### Exercise objective
Would you restate the full listing word for word and omit its pictures?

### Data

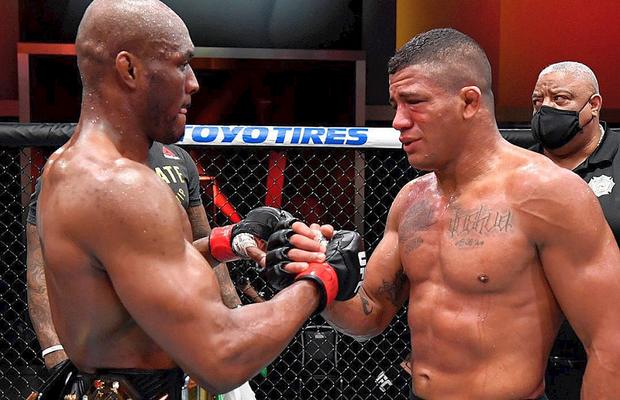 VIDEO Kamaru Usman n-a avut milă de prietenul său! L-a făcut KO pe Gilbert Burns în gala UFC 258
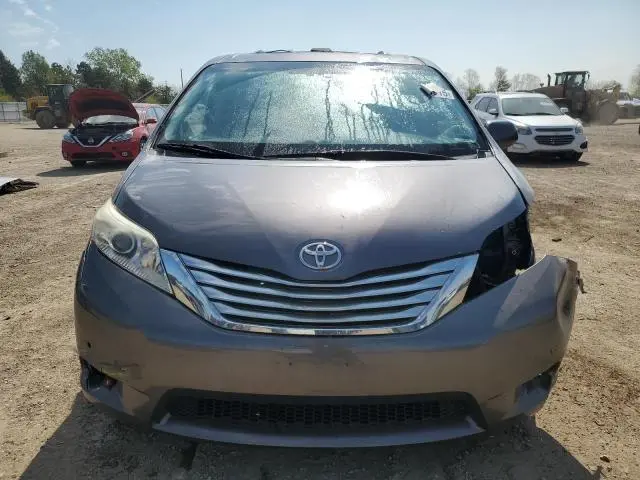 2011 TOYOTA SIENNA XLE
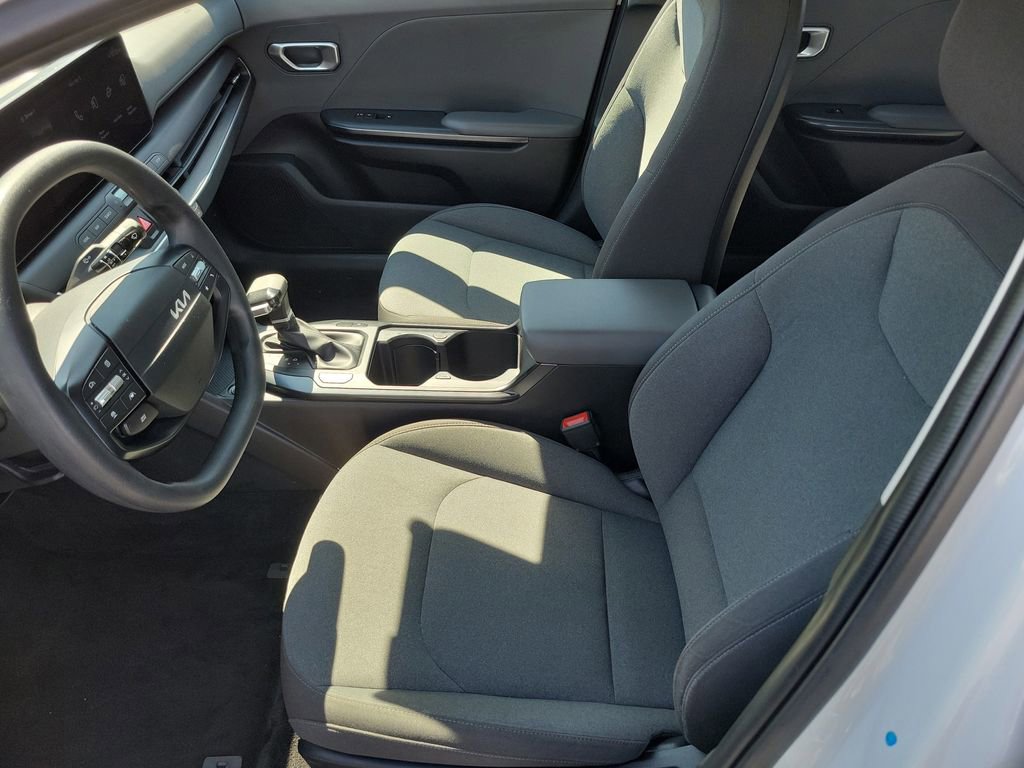 Used 2025 Kia K4 FWD image 17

### Exercise result
 VIDEO Kamaru Usman n-a avut milă de prietenul său! L-a făcut KO pe Gilbert Burns în gala UFC 258
 2011 TOYOTA SIENNA XLE
 Used 2025 Kia K4 FWD image 17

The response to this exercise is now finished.